Output Formats¶
Complete specification for all marker-pdf output formats.
Supported Formats¶
- markdown - GitHub-flavored markdown (default)
- json - Structured JSON with metadata
- html - Semantic HTML5
- chunks - Text chunks for RAG/embedding
Markdown Format¶
Overview¶
GitHub-flavored markdown with preserved formatting, tables, equations, and images.

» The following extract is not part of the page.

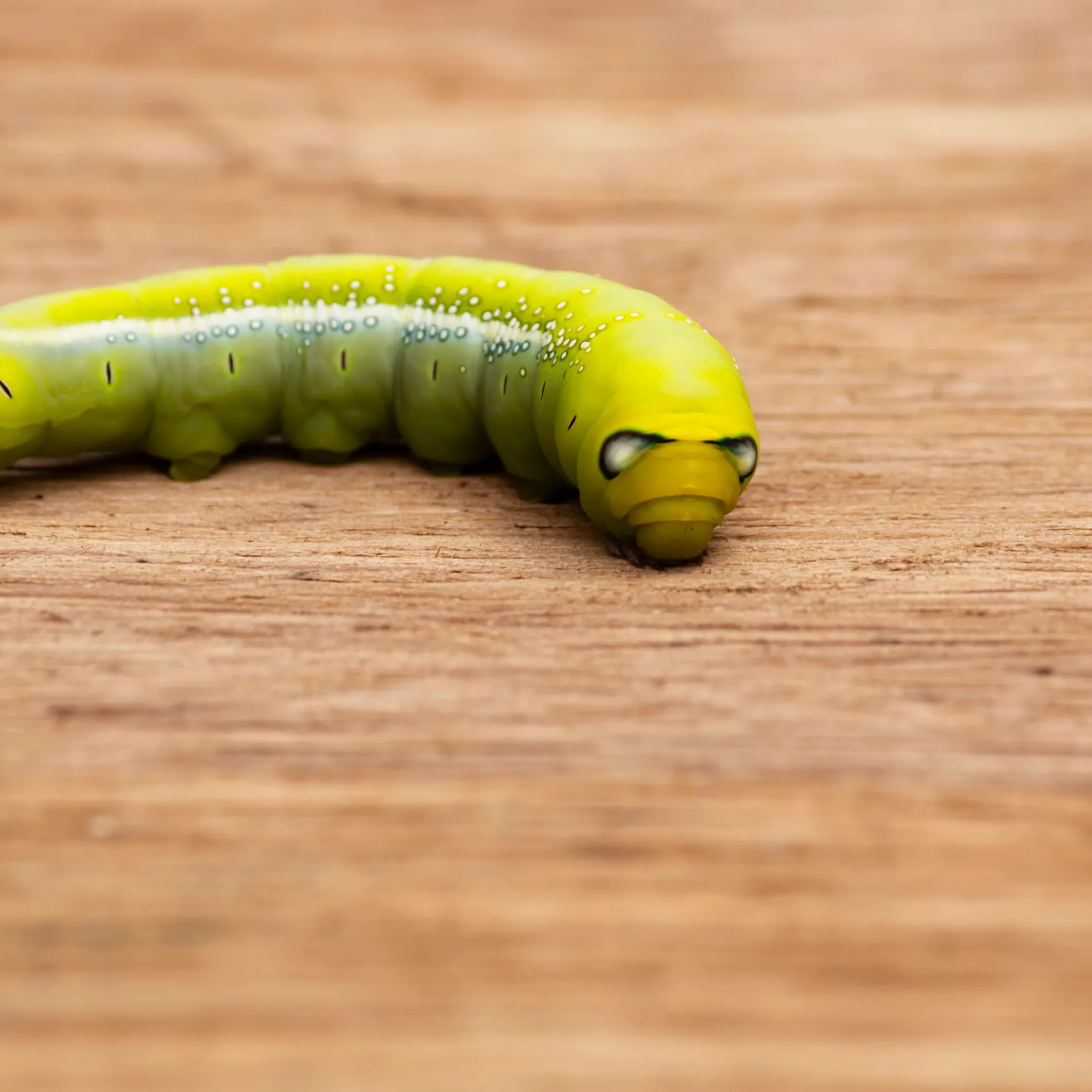 Sognare Vermi Significato E Interpretazione Del Sogno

marker_single document.pdf --output_format markdown
Structure¶
# Document Title
## Section 1
Paragraph text with **bold** and *italic* formatting.
### Subsection 1.1
- Bullet point 1
- Bullet point 2
| Header 1 | Header 2 |
|----------|----------|
| Cell 1 | Cell 2 |

$$
E = mc^2
$$
Inline equation: $x^2 + y^2 = z^2$
Features¶
- Headings (H1-H6)
- Bold, italic, underline
- Lists (ordered, unordered)
- Tables with alignment
- Code blocks
- Block quotes
- Links
- Images (embedded or referenced)
- LaTeX equations (inline and display)
Image Handling¶
Images are extracted and referenced:

Images saved separately in output directory.
JSON Format¶
Overview¶
Structured JSON with full document metadata and content.
marker_single document.pdf --output_format json
Structure¶
{
"metadata": {
"pages": 10,
"language": "en",
"title": "Document Title",
"author": "Author Name",
"created": "2024-01-01",
"table_count": 3,
"equation_count": 5,
"image_count": 2
},
"content": [
{
"type": "heading",
"level": 1,
"text": "Document Title",
"page": 1
},
{
"type": "paragraph",
"text": "Paragraph content...",
"page": 1,
"bbox": [x1, y1, x2, y2]
},
{
"type": "table",
"page": 2,
"bbox": [x1, y1, x2, y2],
"rows": [
["Header 1", "Header 2"],
["Cell 1", "Cell 2"]
]
},
{
"type": "equation",
"page": 3,
"latex": "E = mc^2",
"display": true
},
{
"type": "image",
"page": 4,
"filename": "image_0.png",
"bbox": [x1, y1, x2, y2],
"caption": "Figure 1: Chart"
}
],
"images": {
"image_0.png": "base64_encoded_data..."
}
}
Content Types¶
heading- Document headingsparagraph- Text paragraphslist- Ordered/unordered liststable- Tabular dataequation- Mathematical equationsimage- Embedded imagescode- Code blocks
Use Cases¶
- Structured data extraction
- Database import
- API integration
- Custom processing pipelines
HTML Format¶
Overview¶
Semantic HTML5 with CSS classes for styling.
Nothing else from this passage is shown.